【紹介】
『菜根譚』は今から三百数十年前、中国明代の洪自誠が人間いかに生くべきかを、様々な角度から論じた人生指南の書である。(裏表紙紹介文より)
【感想】
福沢諭吉の「福翁自伝」か、新渡戸稲造の「修養」でよく登場していた本です。どちらに出ていたか、記憶は定かではありませんが、お札になるくらいの人も読んでいた本です。
いもや大根のようなごくありふれた食物を食べる生活の中に、本当の人生の味わいがある…(本文より)
この一文に、この本の言わんとすることが要約されています。アランやラッセルの幸福論でも説かれていることですが、お金や地位・名誉などを追い求めた先に幸福は訪れません。菜根譚は、他人の価値観に踊らされずに生きることの大切さを教えてくれる、まさに中華版の「幸福論」といった感じの本です。
人と作りて、甚の高遠の事業無きも、俗情を擺脱し得ば、便ち名流に入る。学を為して、甚の増益の功夫無きも、物累を減徐し得ば、便ち聖境に越ゆ。

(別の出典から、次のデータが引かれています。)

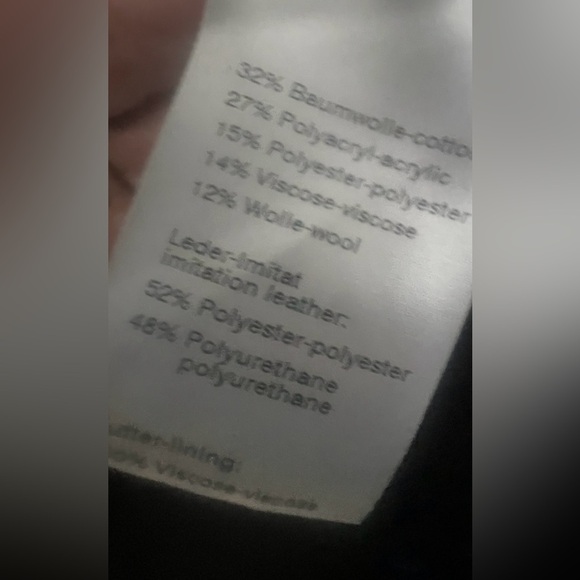 Akris Punto - Tribal mini skirt with faux leather trim at waist- 6 - Picture 10 of 10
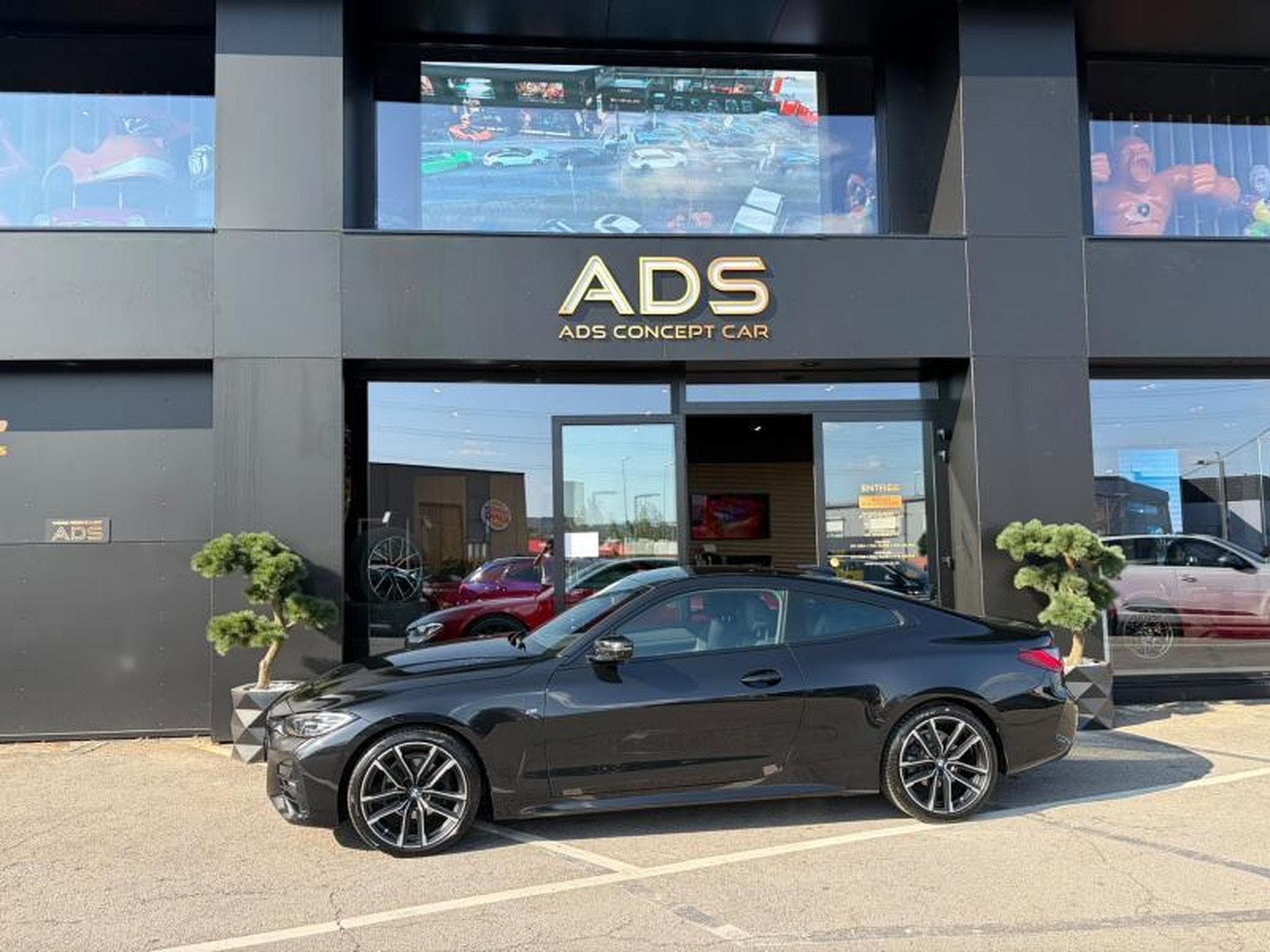 BMW 420 d xDrive Pack M 2.0L 190ch /GPS/Camera/ (2022) - Photo 14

[訳文]平凡な人間と生まれて、特別になにも高尚で遠大な事業をしなくても、ただ名誉や利益にひかれる世俗的な心を払い落とせたなら、それでもう名士の仲間に入ることができる。学問をなして、特別になにも学識を増す努力をしなくても、ただ外物によって心をわずらわされることを減らし除くことができさえすれば、それはもう聖人の境地に到達できる。(本文より)
これも、特に気に入っている文の一つです。平凡な人生の、なんと尊いことでしょう。平凡な自分に耐えられずに、円環の理と成り果てたどこかの魔法少女に教えてあげたいくらいです。